About the time Watergate happened and Agnew and Nixon were forced out of office, I was getting pretty skeptical about the Republican Party. It felt like the party was losing its way and forgetting what it stood for and whom it served. The last Republican presidential candidate I voted for was Reagan, and when the GOP went on its wasteful rampage to run Clinton out of office for improprieties that should have been between him and Hillary, I wrote my congressman, Scott McInnis, and said if the Republicans didn’t stop the stupid drama and get back to the people’s business, I would quit the Republican Party, join the Democratic Party and actively work to see him replaced. They didn’t quit the nonsense, but I quit the Republican Party.

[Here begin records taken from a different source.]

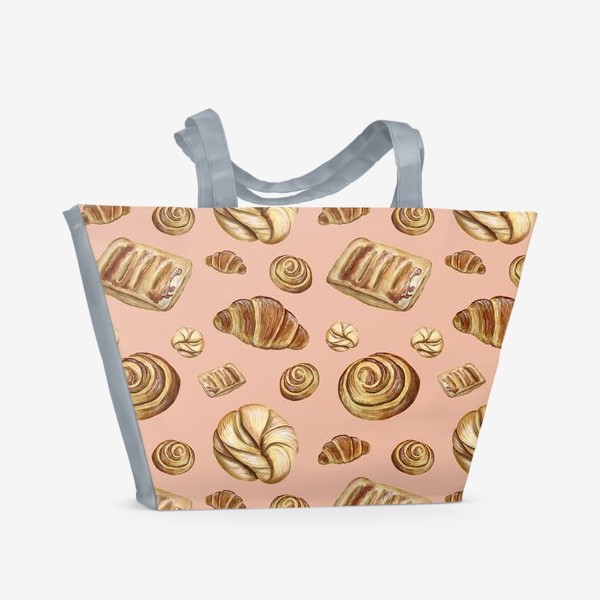 Пляжная сумка «Паттерн с акварельной выпечкой»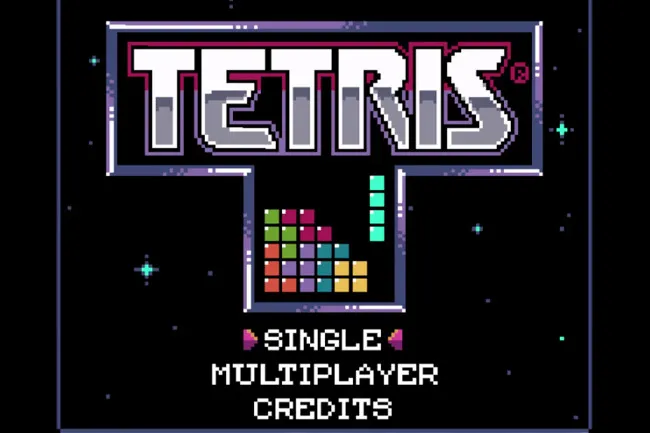 Tetris arcade game title screen with colorful falling blocks and options for single or multiplayer modes.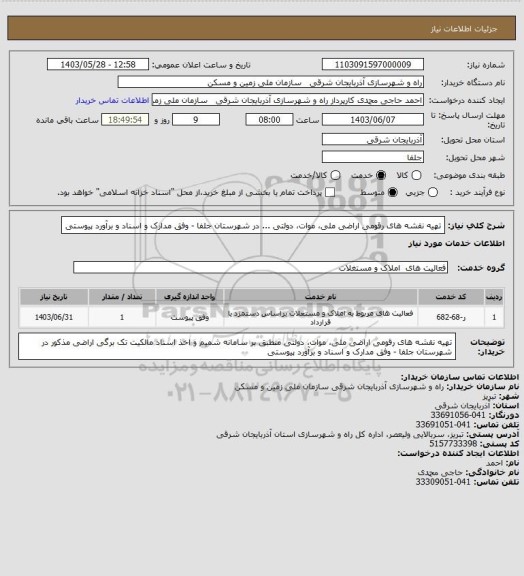 استعلام تهیه نقشه های رقومی اراضی ملی، موات، دولتی ... در شهرستان جلفا - وفق مدارک و اسناد و برآورد پیوستی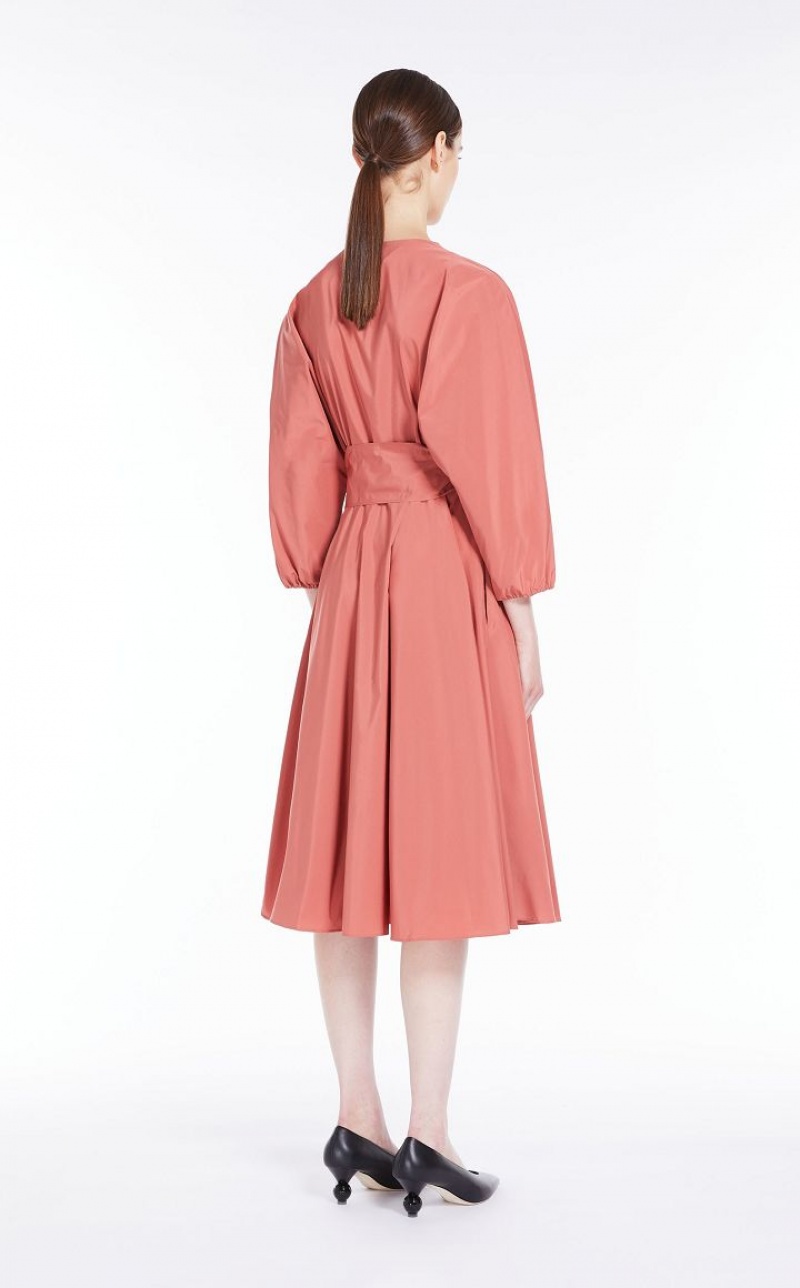 TERRA COTTA MaxMara Taffeta Wrap Dresses | MMR593364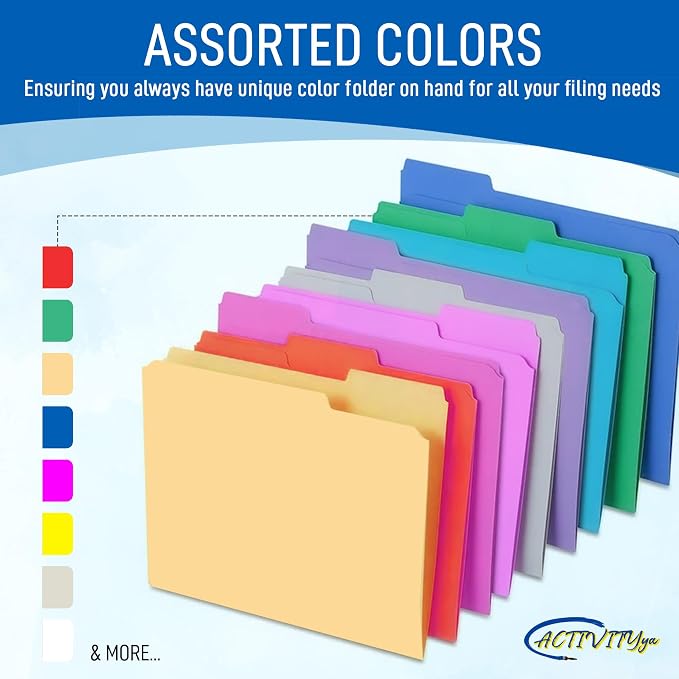 Blue File Folders, 1/3-Cut Tabs, Letter Size, 12-Pack – Durable Office Filing Folders for Documents, Papers, and Organization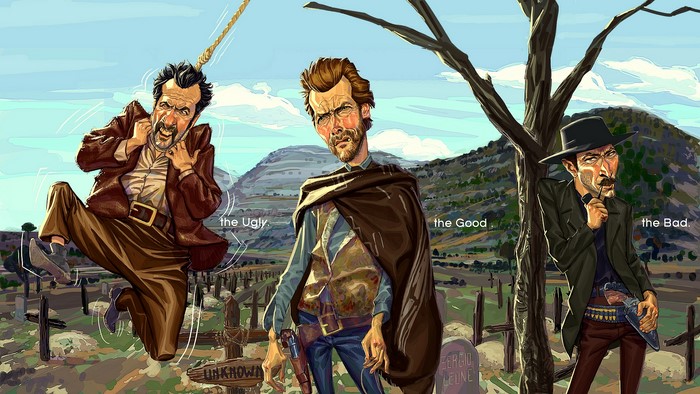 The Good, the Bad and the Ugly characters in a graveyard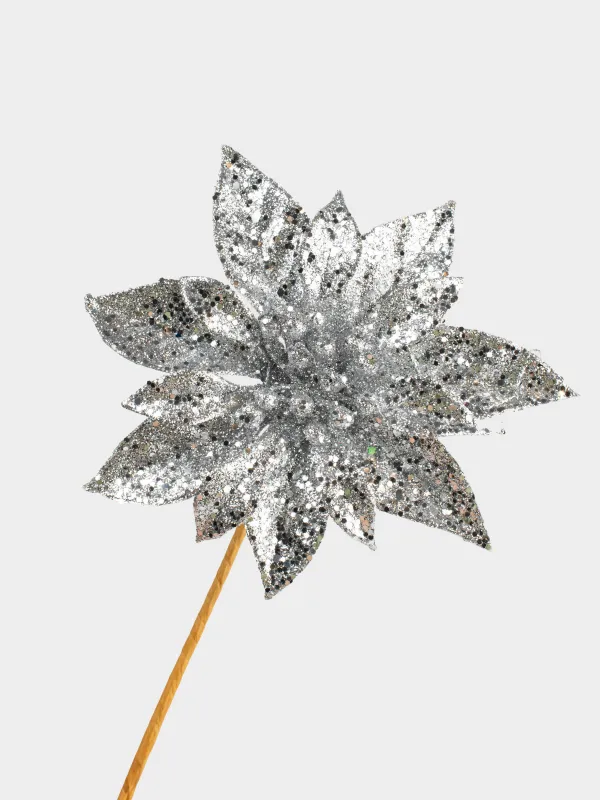 Сәндік әшекей, 13 см, пластик, күміс, Пуансеттия, Flower decor, image-3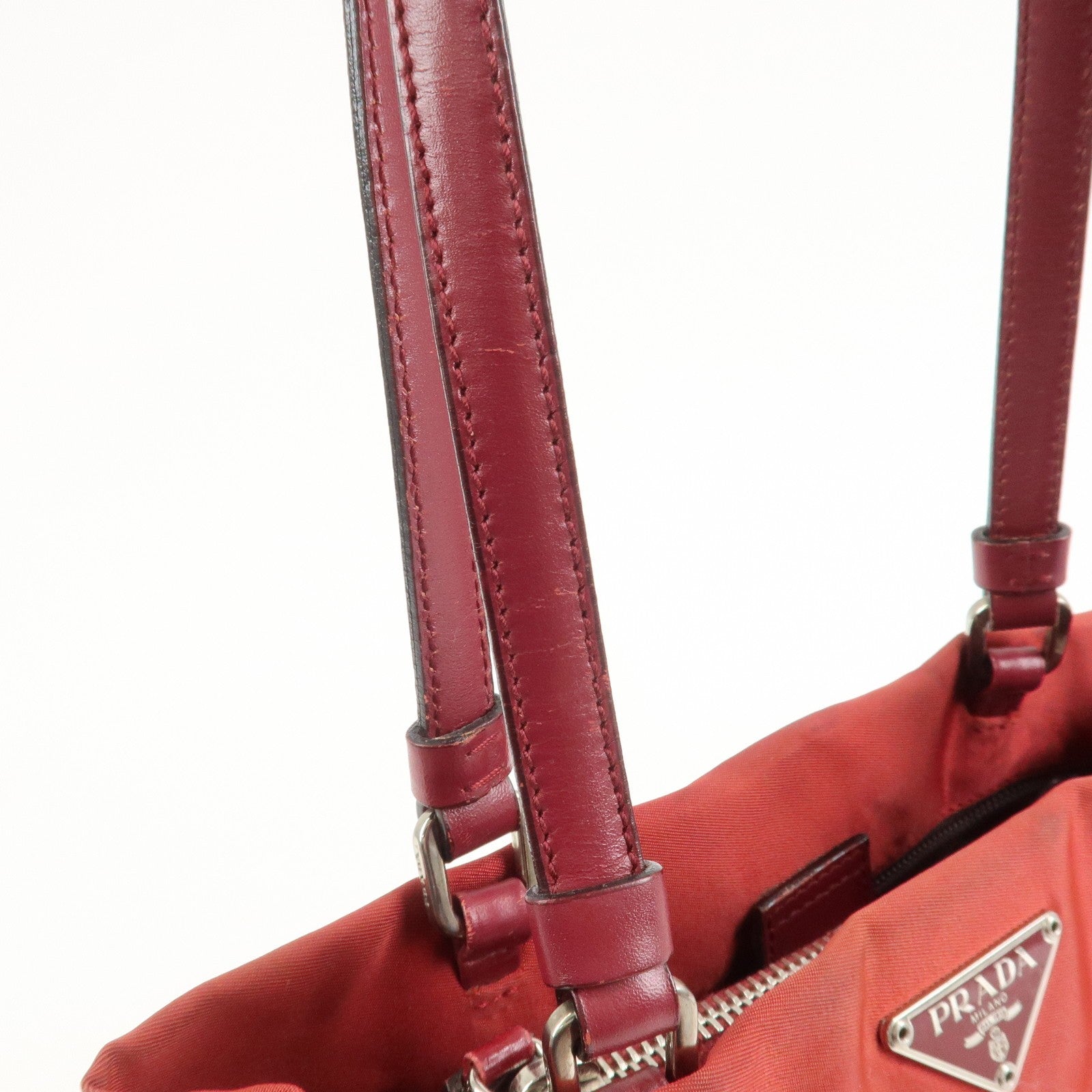 Prada Triangle Logo Tote Bag - Red, Nylon and Leather
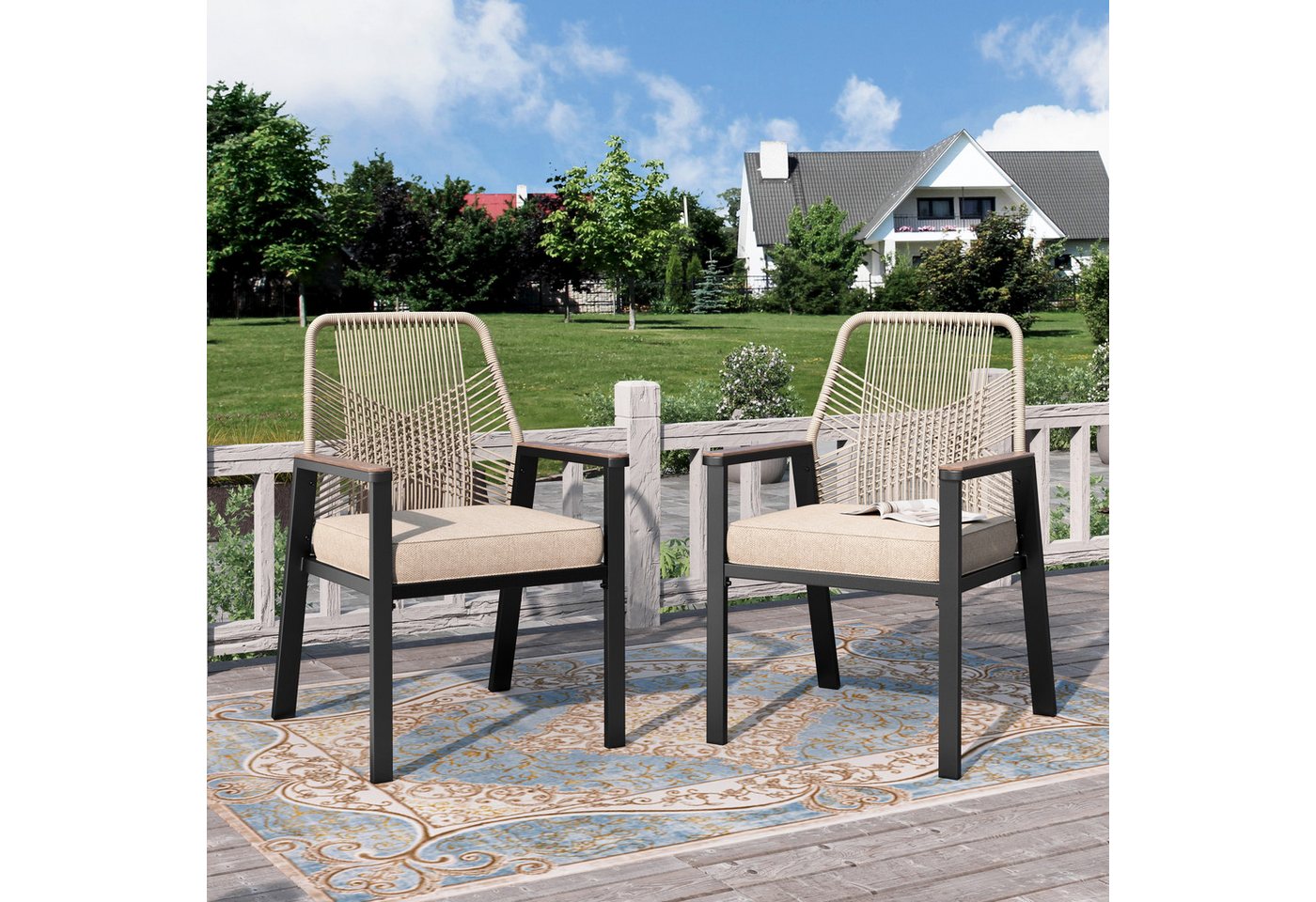 PHI VILLA Gartenstuhl (Gartensessel Balkonstuhl Outdoor Sessel Chair), Gartenstuhl 2er Set von PHI VILLA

Since then, the Republican Party has been slowly spiraling down to rock bottom. Now we are faced with an election in November that portends serious consequences for our country on almost every front.
Before you fill in the bubbles on your ballot. I am asking you to think really hard about this election – and then think again. Ask yourself who of all the elected officials, local, state and national, on your ballot are going to honor our American values, respect and uphold democracy, guard against the pervasive threat of dictatorship and autocracy, and provide you with a safe, healthy and reasonably comfortable future? Who has you and your family’s best interest at heart? Who is capable of providing a safe environment in which to live? Who is going to work hardest to protect and safeguard our planet, and who is going to recognize and bring healthy dignity to your personal health issues?
Think, fellow voters. The consequences of this election more than ever before are going to have lasting effects not merely for the next four years but for decades to come. What takes place on Election Day, Nov. 5, 2024, will chart the future for you, your children and your grandchildren. Think hard about your vote and your loved ones.
Thank you for taking part in your constitutional right by voting this year.